Lufthansa et Germanwings piégés par un système de sécurité

Germanwings Airbus Flight A320 plane crash

Lufthansa et Germanwings – Qu’est-ce qui peut pousser un être humain à se suicider et de surcroît à entraîner dans sa mort des dizaines d’autres vies ? La folie, probablement. Mais à travers cette tragédie, n’est-ce pas les terroristes qui auraient déjà gagné puisque c’est en tentant de déjouer des attentats que l’aviation commerciale civile s’est piégée et avec elle tous ses passagers ? 

 

 

Mesures de sécurité à bord imposées après le 11/09

Le suicide peut être interprété comme un acte désespéré, une délivrance des souffrances extrêmes liées à des passages difficiles durant une vie ; ces souffrances peuvent être d’ordre moral, sentimental, affectif, matériel ; de terribles malaises se transformant en un mal-être, une espèce de dégoût, conduisant à baisser les bras en se livrant à la mort. Le suicidaire serait une personne ayant un problème avec elle-même. Dans la quasi majorité des cas, lorsqu’il y a passage à l’acte, les premiers surpris et étonnés sont les proches. En effet, ceux-ci tombent tous des nues et affirment : « Nous n’avons rien décelé, rien détecté d’anormal. » Pour cause, la personne qui décide de mettre fin à ses jours ne le crie pas sur les toits, elle garde le secret jusqu’au jour fatidique. Elle emporte avec elle ses secrets.

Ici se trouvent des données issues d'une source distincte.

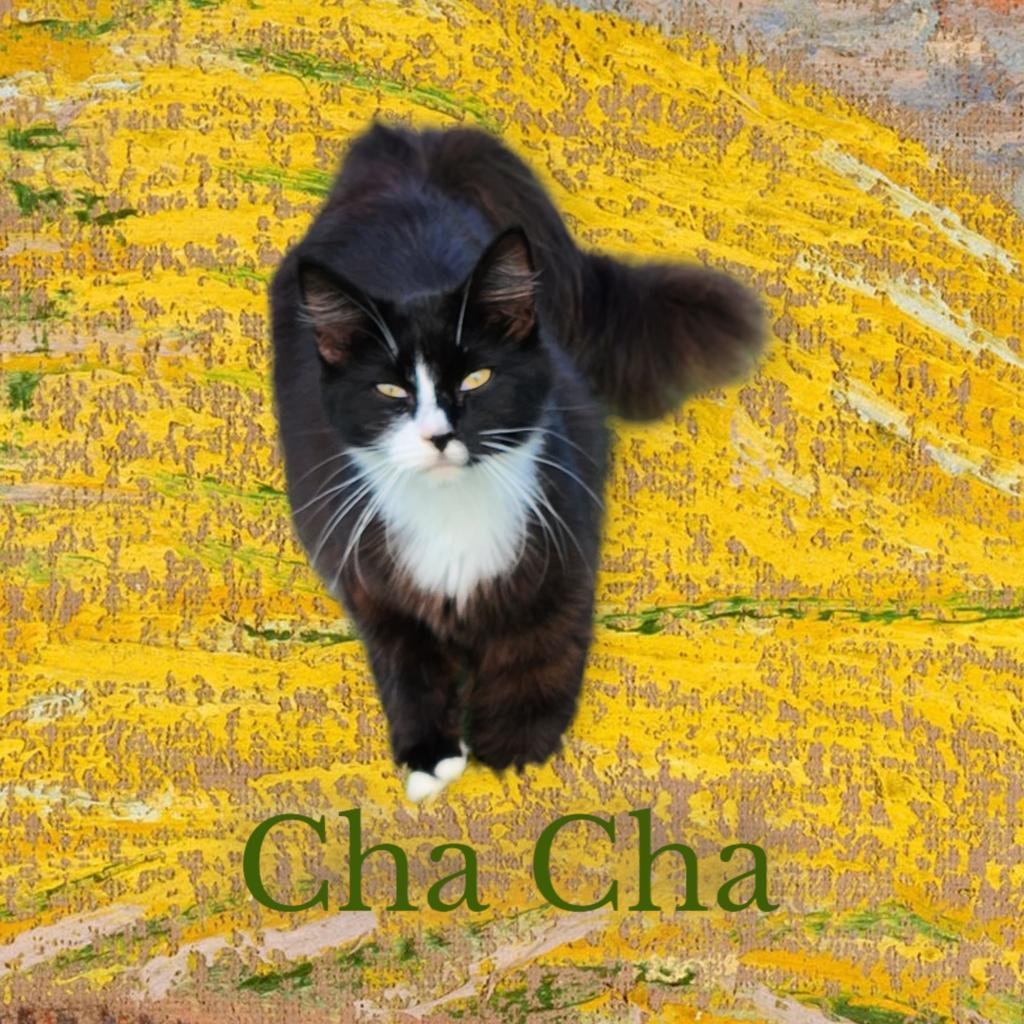 Cha Cha, Adoptable, Adult Female Domestic Long Hair.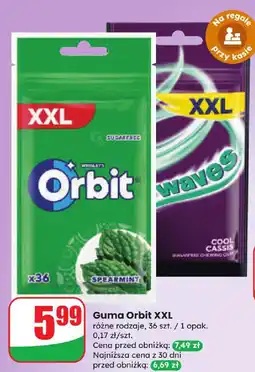 Dino Guma Orbit XXL różne rodzaje oferta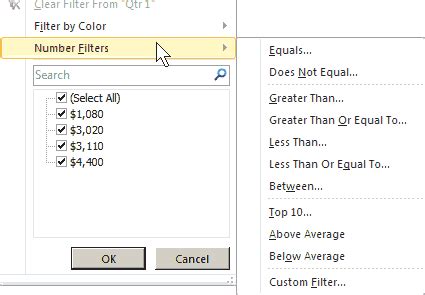 Image result for Basic Excel Filter Table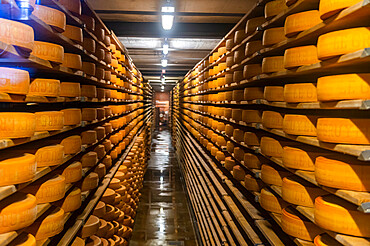 Guryere cheese factory with shelves of cheeses, Gruyere, Fribourg, Switzerland, Europe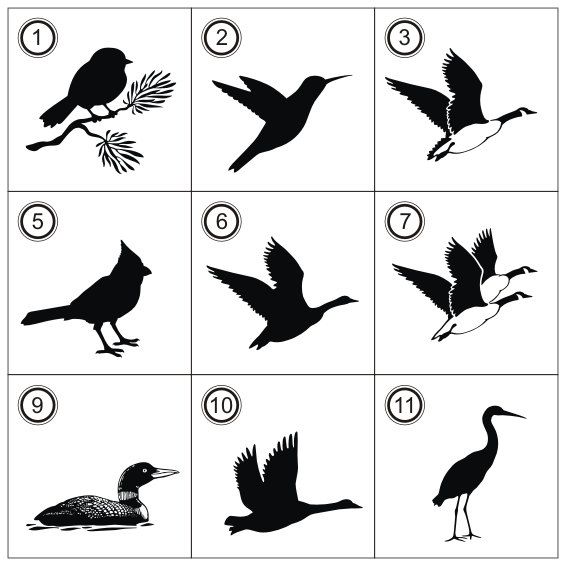 566x566 9 Birds Silhoettes Printable Clipart Svg Cutting File By Gdrawz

A la suite des attentats du 11 septembre, des mesures de sécurité draconiennes ont été prises notamment à bord des avions de lignes civils, sur recommandation des Américains. Ainsi, une porte blindée protégeant le cockpit logeant le commandant de bord et le copilote est installée systématiquement. Un sas résistant aux balles et que l’on ne peut ouvrir qu’à l’aide d’un code digital confidentiel, et muni d’une possibilité de verrouillage de l’intérieur qui condamne de manière irréversible toute possibilité d’entrée y compris par code confidentiel de secours prévu à cet effet. Et c’est, semble-t-il, le scénario qui s’est déroulé à bord de l’Airbus A320 de la compagnie Germanwings, filiale de la Lufthansa. Une fois sorti de son cockpit, le commandant de bord n’était plus en mesure de regagner sa cabine de pilotage parce que le copilote, resté seul, avait verrouillé la porte blindée.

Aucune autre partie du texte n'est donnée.